Re: [PATCH] x86/i8259: Work around buggy legacy PIC

From: Thomas Gleixner
Date: Mon May 17 2021 - 19:27:08 EST


On Mon, May 17 2021 at 21:25, Maximilian Luz wrote:
> On 5/17/21 8:40 PM, Thomas Gleixner wrote:
>> Can you please add "apic=verbose" to the kernel command line and provide
>> full dmesg output for a kernel w/o your patch and one with your patch
>> applied?
>
> I don't actually own an affected device, but I'm sure Sachi can provide
> you with that.

Ok.

> As far as we can tell, due to the NULL PIC being chosen nr_legacy_irqs()
> returns 0. That in turn causes mp_check_pin_attr() to return false
> because is_level and active_low don't seem to match the expected
> values.

Ok.

> That check is essentially ignored if nr_legacy_irqs() returns a high
> enough value.

Close enough.

> I guess that might also be a firmware bug here? Not sure where the
> expected values come from.

They come from the interrupt override ACPI table and if not supplied
then irq 0-15 is preset with default values, which are type=edge and
polarity=high, i.e. the opposite of what the failing driver wants.

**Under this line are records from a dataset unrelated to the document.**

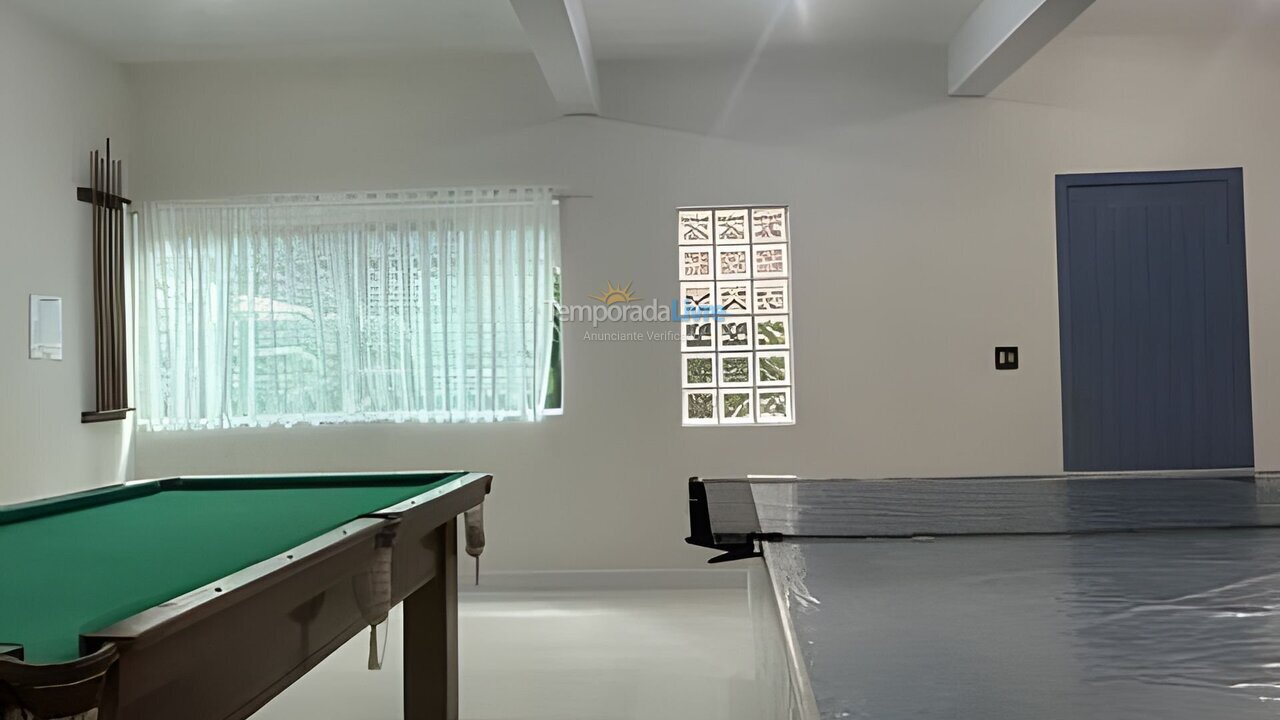 Chácara / sítio para aluguel de temporada em Bertioga (Riviera de São Lourenço)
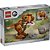 Lego Jurassic Wolrd Little Eatie 76967 com 317pcs - Imagem 3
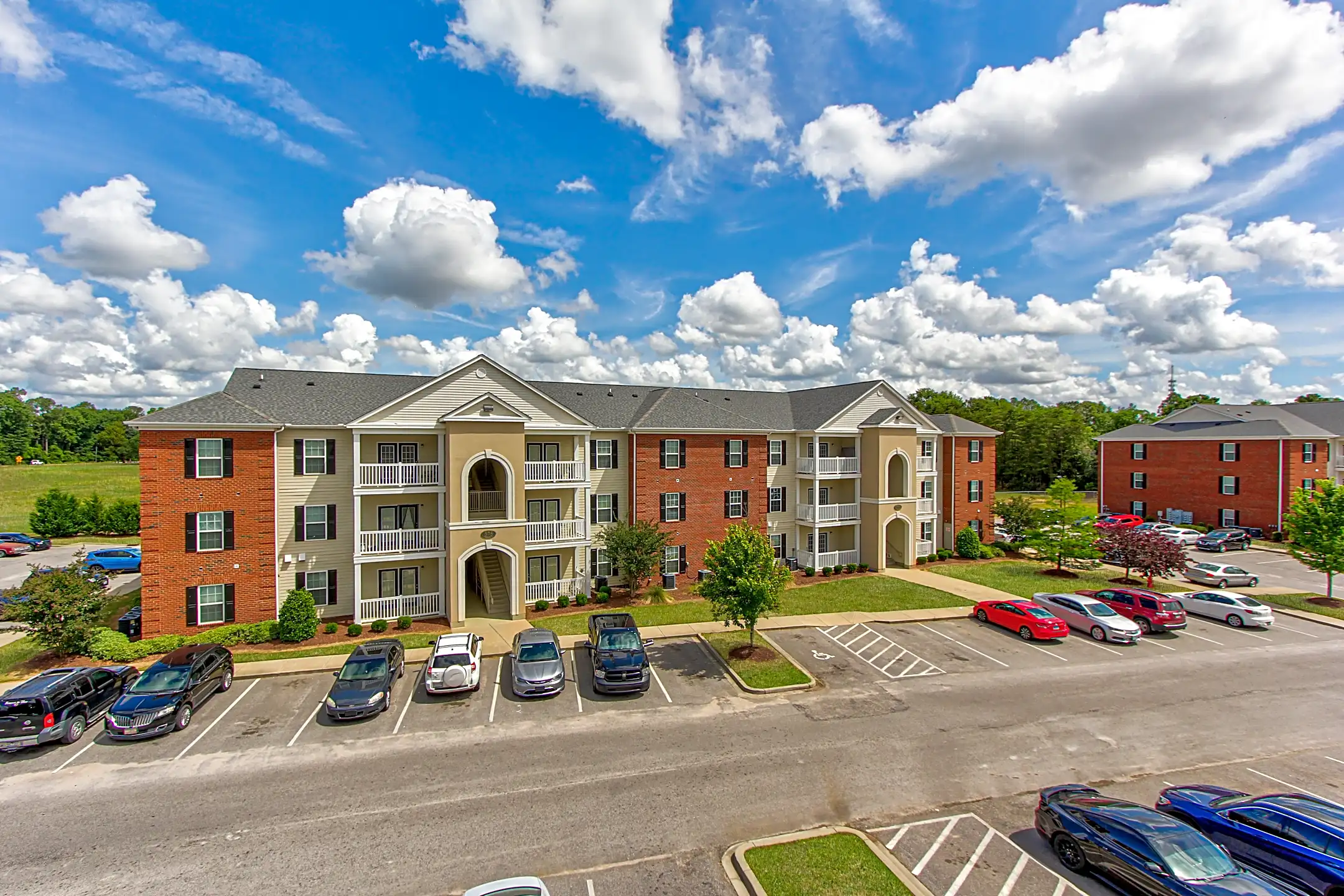 Ashton Mill 595 Ashton Mill Drive Sumter, SC Apartments for Rent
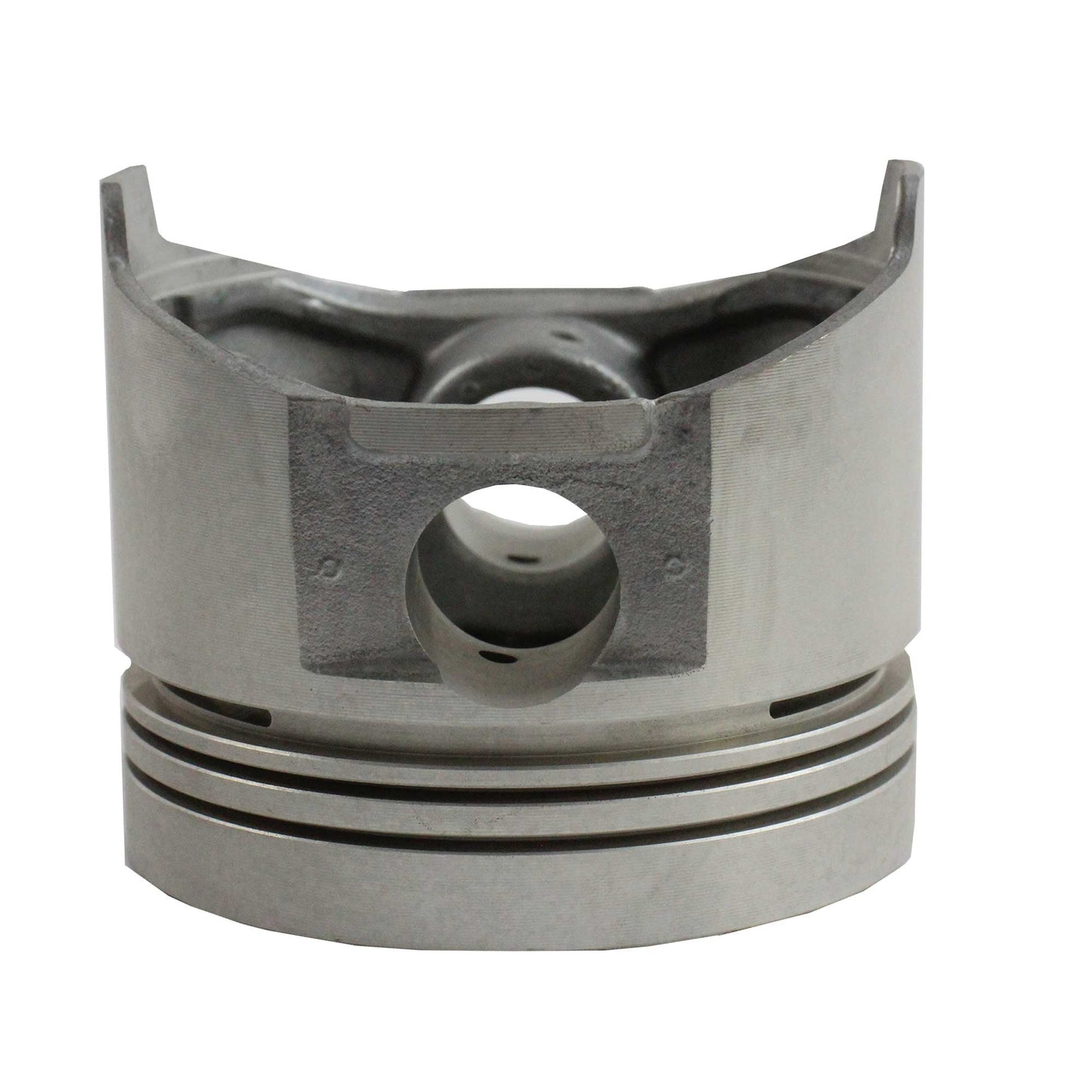 Piston Set 1985-1993 Dodge,Eagle,Hyundai,Mitsubishi,Plymouth 2.4L (Oversizes Available)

The ACPI table lacks an override entry for IRQ7. I looked at one of the
dmesg files in that github thread and that has overrides:

[ 0.111674] ACPI: INT_SRC_OVR (bus 0 bus_irq 0 global_irq 2 dfl dfl)
[ 0.111681] ACPI: INT_SRC_OVR (bus 0 bus_irq 9 global_irq 9 low level)
[ 0.111688] ACPI: IRQ0 used by override.
[ 0.111692] ACPI: IRQ9 used by override.

IRQ7 should have a corresponding entry as IRQ9 has:

https://github.com/linux-surface/acpidumps/blob/4da0148744164cea0c924dab92f45842fde03177/surface_laptop_4_amd/apic.dsl#L178

Subtable Type : 02 [Interrupt Source Override]
Length : 0A
Bus : 00
Source : 07
Interrupt : 00000007
Flags (decoded below) : 000F
Polarity : 3
Trigger Mode : 3

> Sachi can probably walk you through this a bit better as she's the one
> who tracked this down. See also [1, 2] and following comments.

Impressive detective work!

Sachi, can you please try the hack below to confirm the above?

It's not meant to be a solution, but it's the most trivial way to
validate this.

I'm pretty sure that Windows on Surface does not care about the PIC at
all. Whether that's on purpose to safe power or just because Windows
ignores the PIC completely by now does not matter at all. No idea how
that repeated poking on the PIC makes it come alive either and TBH, I
don't care too much about it simply because Linux is able to cope with a
missing PIC as long as the ACPI tables are correct.

I'm way too tired to think about a proper solution for that problem and
I noticed another related issue in that dmesg output:

[ 0.272448] Failed to register legacy timer interrupt

It's not a problem which causes failures, but it's related to the
missing PIC.

Needs some more thoughts with brain awake...

Thanks,

tglx
---
--- a/arch/x86/kernel/acpi/boot.c
+++ b/arch/x86/kernel/acpi/boot.c
@@ -21,6 +21,7 @@
#include <linux/efi-bgrt.h>
#include <linux/serial_core.h>
#include <linux/pgtable.h>
+#include <linux/dmi.h>

#include <asm/e820/api.h>
#include <asm/irqdomain.h>
@@ -1155,6 +1156,17 @@ static void __init mp_config_acpi_legacy
}
}

+static const struct dmi_system_id surface_quirk[] __initconst = {
+ {
+ .ident = "Microsoft Surface Laptop 4 (AMD)",
+ .matches = {
+ DMI_MATCH(DMI_SYS_VENDOR, "Microsoft Corporation"),
+ DMI_MATCH(DMI_PRODUCT_SKU, "Surface_Laptop_4_1952:1953")
+ },
+ },
+ {}
+};
+
/*
* Parse IOAPIC related entries in MADT
* returns 0 on success, < 0 on error
@@ -1212,6 +1224,11 @@ static int __init acpi_parse_madt_ioapic
acpi_sci_ioapic_setup(acpi_gbl_FADT.sci_interrupt, 0, 0,
acpi_gbl_FADT.sci_interrupt);

+ if (dmi_check_system(surface_quirk)) {
+ pr_warn("Surface hack: Override irq 7\n");
+ mp_override_legacy_irq(7, 3, 3, 7);
+ }
+
/* Fill in identity legacy mappings where no override */
mp_config_acpi_legacy_irqs();